Namun di saat kesuksesan, kelapangan, kejayaan dan keberuntungan menyapa kita, seperti; popularitas di puncak, duduk di kursi jabatan, asset bertebaran di mana-mana, kekayaan berlimpah, tubuh sehat bugar, perniagaan laris manis dan cita-cita tergapai dan yang senada dengan itu. Kala kejayaan menaungi kita, Allah Swt pun kita lupakan. Karena kita merasa bahwa semua kesuksesan itu lahir dari usaha dan kecerdasan kita sendiri dan tak ada campur tangan Allah Swt. Padahal jika Dia tidak membantu dan merestui kita, maka semua itu akan menjauh dari kita. Sehebat dan sekuat apapun kita.
Abu Darda’ juga mendorong kita untuk selalu berada di ruang atau majlis ilmu pengetahuan. Entah itu sebagai pentransfer ilmu yang dimiliki, atau sebagai pelajar atau sebagai pendengar nasihat.
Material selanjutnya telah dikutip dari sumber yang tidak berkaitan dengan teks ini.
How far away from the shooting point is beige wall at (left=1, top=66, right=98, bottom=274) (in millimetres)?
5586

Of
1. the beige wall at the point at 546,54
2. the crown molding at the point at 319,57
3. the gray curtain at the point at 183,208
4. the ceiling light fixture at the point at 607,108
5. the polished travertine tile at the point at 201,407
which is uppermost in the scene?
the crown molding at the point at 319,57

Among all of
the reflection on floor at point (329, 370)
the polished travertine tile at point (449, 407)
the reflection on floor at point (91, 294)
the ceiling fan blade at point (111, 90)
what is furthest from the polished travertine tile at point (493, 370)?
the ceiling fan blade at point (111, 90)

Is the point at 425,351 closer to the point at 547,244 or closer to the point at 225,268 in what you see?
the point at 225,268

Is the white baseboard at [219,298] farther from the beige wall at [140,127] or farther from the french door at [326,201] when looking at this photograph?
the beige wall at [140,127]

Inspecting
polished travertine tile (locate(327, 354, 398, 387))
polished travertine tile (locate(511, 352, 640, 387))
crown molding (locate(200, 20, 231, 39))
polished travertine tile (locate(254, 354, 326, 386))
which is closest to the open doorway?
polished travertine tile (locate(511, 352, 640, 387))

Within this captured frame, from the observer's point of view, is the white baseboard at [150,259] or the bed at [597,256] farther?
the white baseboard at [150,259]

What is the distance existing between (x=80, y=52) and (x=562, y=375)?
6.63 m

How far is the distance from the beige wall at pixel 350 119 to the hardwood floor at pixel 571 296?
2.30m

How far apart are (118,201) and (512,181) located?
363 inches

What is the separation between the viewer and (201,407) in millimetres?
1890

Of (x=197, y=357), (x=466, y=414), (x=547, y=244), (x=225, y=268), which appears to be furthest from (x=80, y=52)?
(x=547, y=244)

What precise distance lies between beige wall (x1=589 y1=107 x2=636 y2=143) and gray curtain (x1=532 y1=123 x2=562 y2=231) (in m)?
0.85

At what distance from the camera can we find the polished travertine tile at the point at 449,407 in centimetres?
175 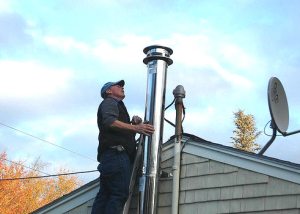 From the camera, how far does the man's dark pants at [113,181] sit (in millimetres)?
4695

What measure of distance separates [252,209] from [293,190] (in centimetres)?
40

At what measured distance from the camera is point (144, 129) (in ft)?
16.0

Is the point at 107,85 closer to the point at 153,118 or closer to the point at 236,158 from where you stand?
the point at 153,118

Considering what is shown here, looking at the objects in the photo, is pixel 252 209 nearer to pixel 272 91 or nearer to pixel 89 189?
pixel 272 91

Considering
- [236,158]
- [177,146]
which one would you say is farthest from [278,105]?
[177,146]

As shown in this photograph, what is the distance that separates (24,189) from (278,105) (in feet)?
60.6

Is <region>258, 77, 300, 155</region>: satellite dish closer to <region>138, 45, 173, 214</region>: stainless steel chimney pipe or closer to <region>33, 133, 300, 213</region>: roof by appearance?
<region>33, 133, 300, 213</region>: roof

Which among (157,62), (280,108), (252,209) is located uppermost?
(157,62)

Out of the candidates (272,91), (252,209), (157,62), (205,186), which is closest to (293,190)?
(252,209)

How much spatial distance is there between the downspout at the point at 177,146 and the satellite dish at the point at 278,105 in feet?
2.82

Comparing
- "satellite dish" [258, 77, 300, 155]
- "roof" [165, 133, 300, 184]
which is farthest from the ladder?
"satellite dish" [258, 77, 300, 155]

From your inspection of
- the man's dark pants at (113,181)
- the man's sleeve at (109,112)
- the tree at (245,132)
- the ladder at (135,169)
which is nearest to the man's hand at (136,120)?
the ladder at (135,169)

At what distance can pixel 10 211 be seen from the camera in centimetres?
2069

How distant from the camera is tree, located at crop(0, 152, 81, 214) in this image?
2088 cm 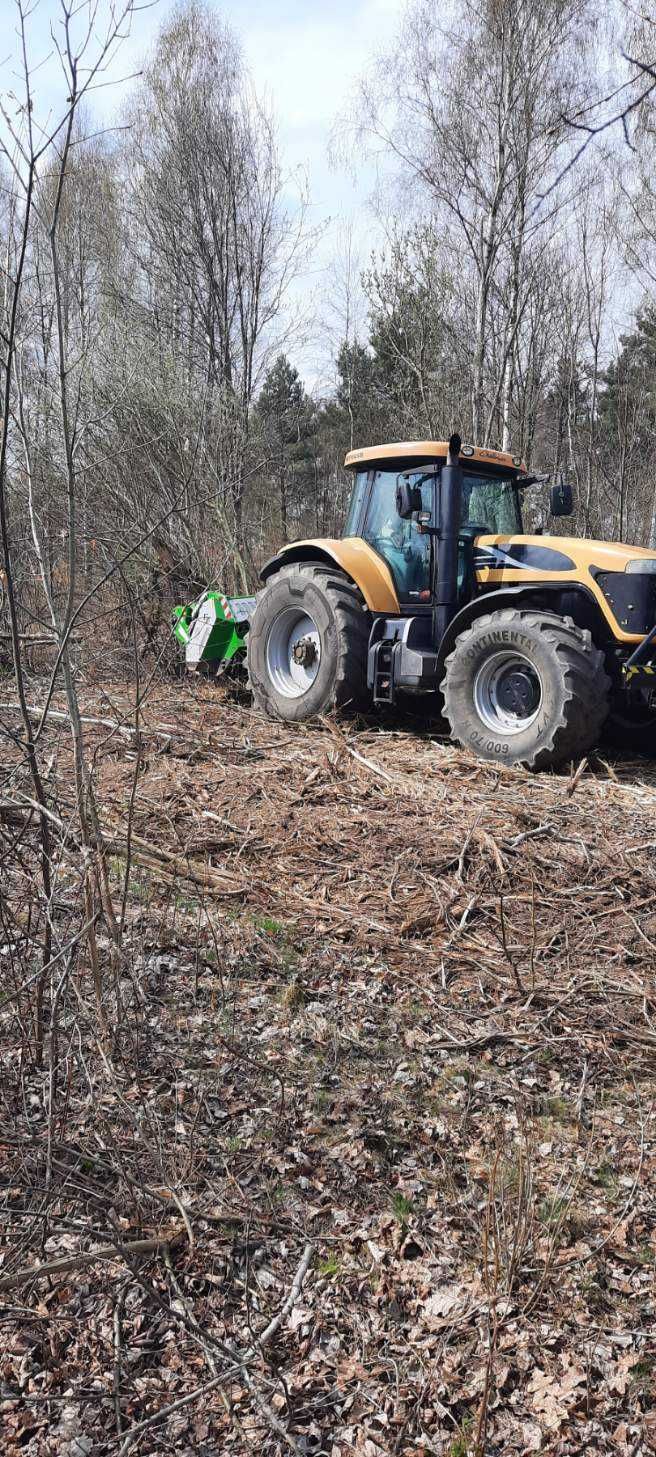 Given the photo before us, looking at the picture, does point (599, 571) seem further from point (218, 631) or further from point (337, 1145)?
point (337, 1145)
Karena hanya dengan ilmu, arah petunjuk jalan menuju Allah dan puncak penghambaan diri kepada-Nya menjadi terang benderang. Tanpa ilmu, maka jalan menuju ke sana menjadi gelap, tak tentu arah. Pada akhirnya kita akan tersesat jalan dan terlempar ke jurang kehinaan.
Sa’id bin Musayyib rahimahullah, ulama tabi’in senior yang memiliki santri ribuan, ia biasa menghadiri majlis ilmu ulama lain. Tujuan agar ia terbiasa mendengarkan nasihat dari orang lain dan mendapatkan pahala menghadiri majlis ilmu.
Menjadikan masjid sebagai tempat tinggal kita, maknanya adalah hati kita senantiasa terpaut dan terikat dengan masjid. Rindu untuk selalu berdekatan dan bermunajat kepada Allah Swt. Orang yang hatinya selalu tergantung di masjid, merupakan satu dari tujuh golongan yang akan mendapat naungan Allah Swt pada hari kiamat, sebagaimana yang pernah disabdakan Nabi saw.
Nasihat terakhir dari sahabat agung ini adalah agar kita tidak menjadikan rumah kita sebagai kuburan. Tiada cahaya al Qur’an di sana. Tidak ditunaikan shalat-shalat sunnah di sana. Tiada majlis ilmu di dalamnya. Tiada nilai-nilai tarbiyah yang kita tularkan pada anak dan istri kita dan seterusnya.
Rasulullah Saw pernah berpesan, “Apabila salah seorang di antara kamu selasai melaksanakan shalat (fardhu) di masjidnya, maka sisakanlah sebagian shalat yang lain (sunnah) di rumahnya, karena sesungguhnya Allah menjadikan sebagian shalat yang ditunaikan di rumahnya sebagai suatu kebaikan.” HR. Muslim.
Saudaraku..Sanggupkah kita menjadi sosok seperti Abu Darda’ atau ingin menjadi abu abu? Wallahu a’lam bishawab.